Clinical signs of white line disease in uncomplicated cases (separation without infection of the deeper tissues) usually manifest as mild to moderate lameness. However, in cases where suppuration has occurred, severe lameness, swelling at the coronary band, and navicular bursitis with drainage above the coronary band may be noted. The most severe manifestation is the spread of this infection to the distal interphalageal joint.
Corkscrew claw
Corkscrew claw is the rotation of the lateral hoof wall toward the axial plane. This condition is a result of a malalignment of the middle and distal phalanx. The third phalanx is often curved on its abaxial margin. These abnormalities result in a lateral to medial deviation of the abaxial wall causing the wall to curl under the sole. Claws most severely affected and most commonly recognized as the first claws affected are the lateral claws of the hind limb. The condition becomes evident usually by 1 to 3 years of age and is associated with many complications such as lateral collateral ligament strain, localized periostitis, subsolar abscess, sole ulcers and bruising. In addition, a lifetime of corrective trimming goes along with the condition. Corkscrew claw has a low degree of heritability, but greater expression results from feeding for increased performance. I tell my clients not to use these animals unless they are for a terminal cross.
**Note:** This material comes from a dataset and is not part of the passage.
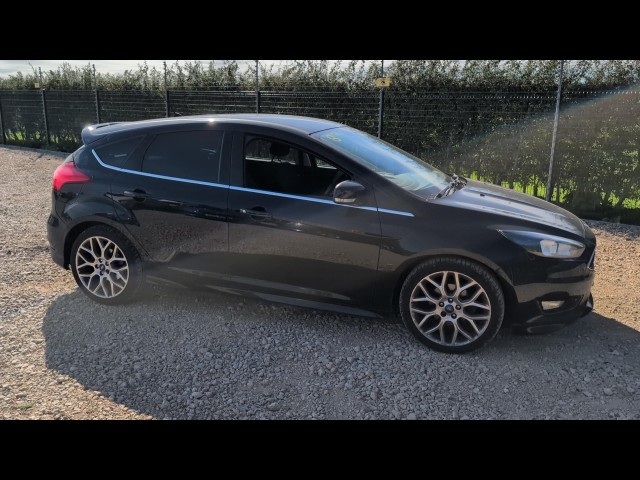 BUY FORD FOCUS ZETEC S TDCI 2016 ZETEC S TDCI, Newark Motor Auctions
Interdigital fibroma (corns)
Interdigital fibroma is hyperplasia and fibrosis of interdigital skin. The etiology is thought to be due to chronic irritation to the interdigital skin. There also appears to be an inherited predisposition to this condition due to the fact that bilateral or quadrilateral lesions may appear in young animals. As in the case of corkscrew claw, overfeeding or pushing these animals for performance increases the expression of this characteristic. Wet, filthy conditions are also thought to play a role. Clinical signs depend upon the degree of hyperplasia present. Corns don't cause the animal pain until there is trauma to the corn when it reaches the weight bearing surface or when it is being pinched by the claws or becomes ulcerated.
References
1. Greenough PR. (1997) Lameness in Cattle Greenough PR, Weaver AD, eds. Philadelphia, PA, W.B. Saunders Company.
2. Berry SL, Ertze RA, Read DH, et al (2004): Field evaluation of prophylactic and therapeutic effects of a vaccine against (papillomatous) digital dermatitis of dairy cattle in two California dairies. Proceedings of the 13th International Symposium and 5th Conference on Lameness in Ruminants. p 147.
3. Nocek J. (1997) Bovine acidosis: Implications on laminitis. J Dairy Sci 80:1005.
4. Bailey J, Bargai U, Bergsten C, et al (1997) Lameness in Cattle. Philadelphia, WB Saunders, pp 1-336.